→ **Task description**: In the records that follow, find the line containing "What are signs" and the line containing "I just want", then transcribe both and every line between them exactly, omitting pictures.

═══ Task input ═══

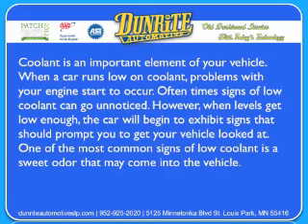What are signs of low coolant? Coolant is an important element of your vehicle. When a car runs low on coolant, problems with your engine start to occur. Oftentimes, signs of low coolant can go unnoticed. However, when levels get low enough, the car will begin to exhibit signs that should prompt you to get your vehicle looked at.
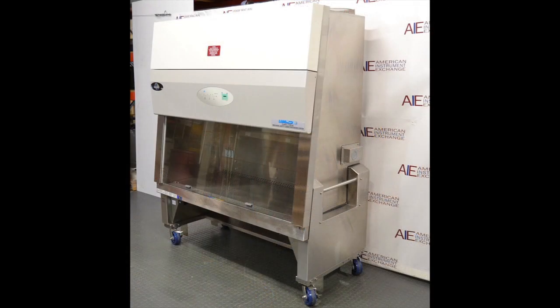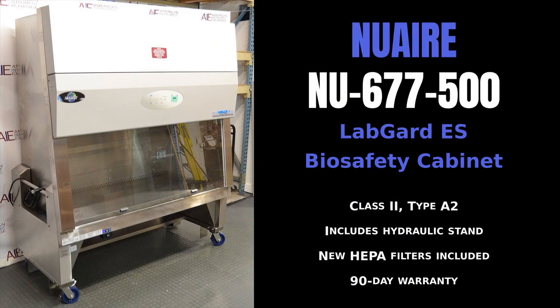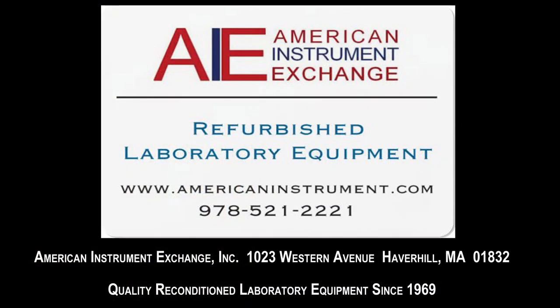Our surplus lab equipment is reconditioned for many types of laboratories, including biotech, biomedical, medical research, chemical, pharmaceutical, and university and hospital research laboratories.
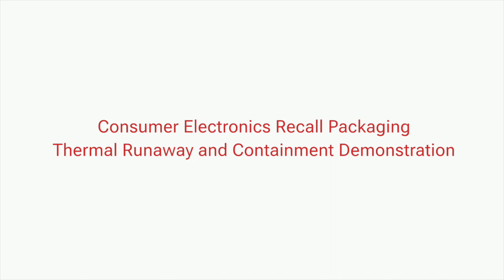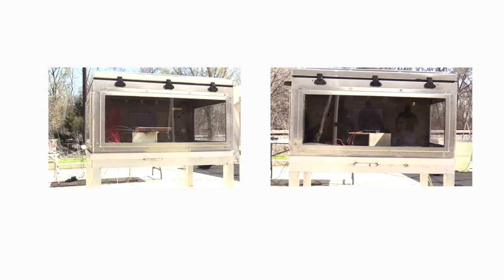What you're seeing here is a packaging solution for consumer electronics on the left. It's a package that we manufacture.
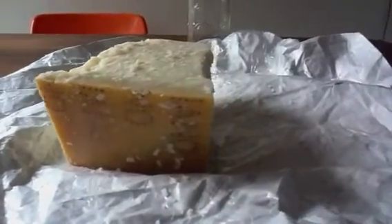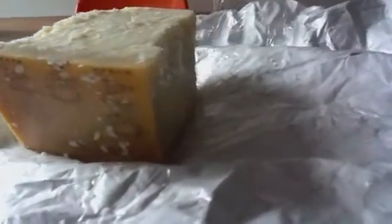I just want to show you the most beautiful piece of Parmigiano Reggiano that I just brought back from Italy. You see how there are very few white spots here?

═══
═══ Task input ═══

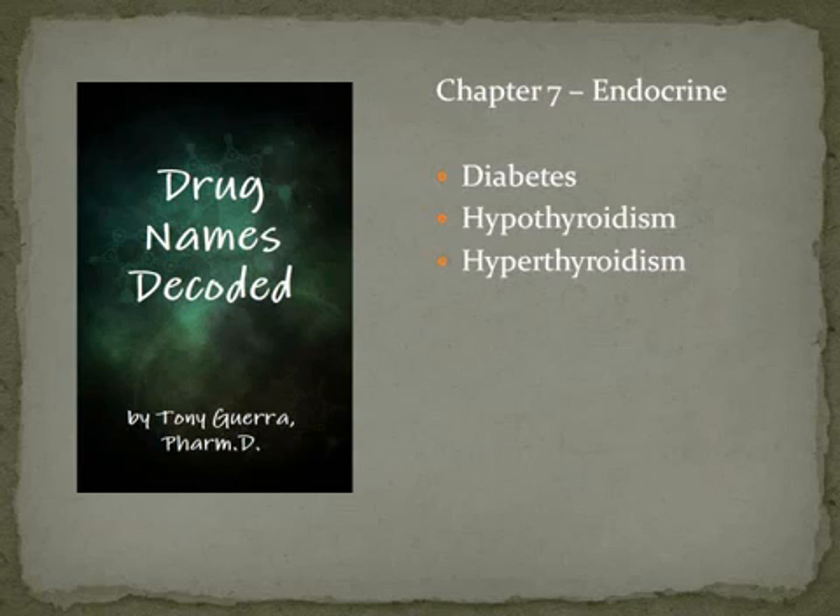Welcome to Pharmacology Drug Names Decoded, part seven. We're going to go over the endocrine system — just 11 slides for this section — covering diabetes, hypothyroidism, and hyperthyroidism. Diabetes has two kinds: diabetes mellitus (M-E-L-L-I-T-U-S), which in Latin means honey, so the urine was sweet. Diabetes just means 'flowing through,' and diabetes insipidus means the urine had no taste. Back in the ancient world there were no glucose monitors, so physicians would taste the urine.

═══

→ **Result of this exercise**:
What are signs of low coolant? Coolant is an important element of your vehicle. When a car runs low on coolant, problems with your engine start to occur. Oftentimes, signs of low coolant can go unnoticed. However, when levels get low enough, the car will begin to exhibit signs that should prompt you to get your vehicle looked at.
Our surplus lab equipment is reconditioned for many types of laboratories, including biotech, biomedical, medical research, chemical, pharmaceutical, and university and hospital research laboratories.
What you're seeing here is a packaging solution for consumer electronics on the left. It's a package that we manufacture.
I just want to show you the most beautiful piece of Parmigiano Reggiano that I just brought back from Italy. You see how there are very few white spots here?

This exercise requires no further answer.